Einen Track zu droppen, der PoC fetischisiert, ist nie eine gute Idee. In der aktuellen Zeit der Aufruhre erst recht nicht. Den Twitter-Shitstorm hätte sie deshalb vorausahnen können. Auch wenn die Kritik aus der PoC-Community bei der Rapperin und ihren Fans eher abperlt, als sie aufgenommen wird, kam die Entschuldigung in Form eines Instagram-Statements recht fix.

Warum der Track «Snowbunny» rassistisches Gedankengut vermittelt und mittels Pop-Sound an die Jugend weitergibt, erklärte die Twitter-Userin Afroking ausführlich in einem Thread:

Ihr Fazit lautete: «Ich weiß, das Badmomzjay gerade mal 17 Jahre alt ist. Deshalb hab ich 2 mal überlegt, ob ich diesen Thread mache. Ihr junges alter, ist jedoch kein Freifahrt schein, für solch ein rassistisches Verhalten.»

Sie kreidet Badmómzjay unter anderem an, dass sie politisch unkorrekte Begriffe verbreitet, PoC sexualisiert und dass sie sich die Kultur aneignet. Von Journalist*innen und der Internet-Community wird die Newcomerin für ihre Lines hart kritisiert:

«Shawty, you're my type, Milkshake Farbe Chocolate
Komm und steig ein, denn wir beide geh'n auf Probefahrt.»

Mit ihrer kontroversen Art ist Badmómzjay nicht die einzige, die mit Rassismus, Sexismus und anderen Ismen für Diskussionen sorgt. Die nachfolgenden Skandale zeigen, wie sehr problematisches Gedankengut auch im Rap verankert sind.

Warum wir unbedingt mehr gegen Rassismus unternehmen müssen, erklärte unsere Journalistin Yosina in ihrer Kolumne: 

[artikel=3]

[1] Fler und die Sklaven-Line

«Doch du warst zu Pinky, ich Brain / Im Apple Store warst du ein Slave / Bei mir dann Django Unchained»

Ein Grenze überschritten hat auch Fler. Während der Meinungsverschiedenheit mit seinem Ex-Label-Mate Jalil schockierte der Berliner mit einer Line, in der er Jalil, der afroamerikanische Wurzeln hat, als Sklaven beleidigt. Die Kritik folgte prompt. Die Geschichte versandete aber schnell wieder. Eine ernsthafte Diskussion blieb, bis auf ein paar Interview-Rechtfertigungen, aus. Der eigentliche Skandal ist, wie leichtfertig mit einem solchen Statement umgegangen wird. Flers Image wurde aufgrund der Line nicht mal ansatzweise angekratzt.

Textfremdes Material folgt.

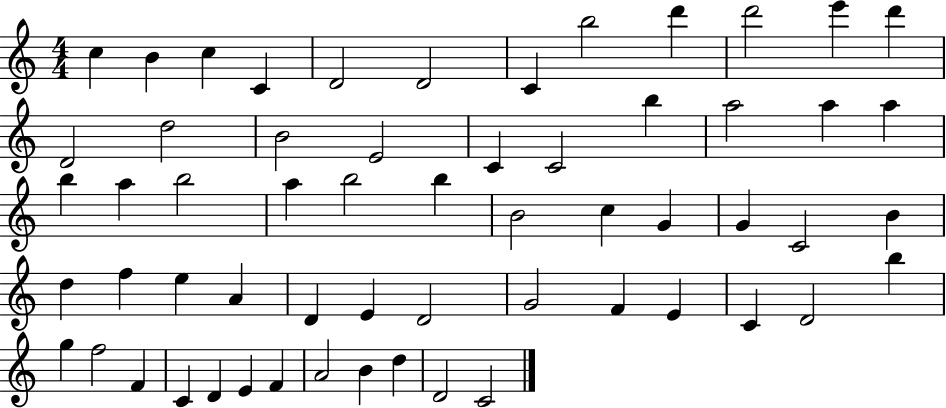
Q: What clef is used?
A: treble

Jalils Reaktion damals: «Hättest gleich N**ga sagen können. Wäre der gleiche Effekt gewesen.»

[2] Eminem und die Faggot-Line

«Tyler create nothing, I see why you called yourself a f*ggot, b*tch / It's not just 'cause you lack attention / It's 'cause you worship D12's balls, you're sacrilegious»

Im Jahr 2019 beleidigte Eminem Tyler The Creator, um den bereits seit Jahren Gerüchte um seine scheinbare Homosexualität kreisten, mit dem F-Wort. Immerhin stimmten sich die beiden nach dem Ausfall versöhnlicher: In einem Interview zeigte sich Eminem reuig: Er meinte, die Line sei im Nachhinein ein Fehler gewesen.

[3] Haftbefehl und der Antisemitismus

«Investiere in Schnuff, um mein Flus zu vermehren / und ticke Kokain an die Juden von der Börse.»

Seit Jahren wird Haftbefehl fürs Verbreiten von antisemitischen Verschwörungstheorien hart kritisiert. Seine Lines über Rothschilds, Rockefellers und Co., aber auch sein Zitat, in dem er die jüdische Community direkt anspricht, sind immer wieder Gesprächsstoff in den Medien. Zu der Koka-Line aus 2012 meinte Erik Petry, Professor für jüdische Geschichte an der Universität Basel im Rahmen unserer Sonderausgabe «Hat Rap ein Problem?»:

«Der Text stellt sofort die Verbindung zwischen Juden, Geld und Börse her. […] Die Kombination «Juden und Geld» ist eine alte Vorstellung, die nicht aus der Welt zu schaffen ist. Die Börse fügt dem Feindbild noch eine neue Nuance hinzu: An der Börse geht es nicht nur ums Geld, sondern es geschehen Dinge, die viele Leute nicht begreifen. So ist die Verbindung von Juden, Geld und Börse Wasser auf die Mühlen von Verschwörungstheoretikern, die eine jüdische Weltverschwörung wittern. Diese Kombination, die diese Verbindungen, die der Text herstellt, kann man also definitiv als antisemitisch bezeichnen.»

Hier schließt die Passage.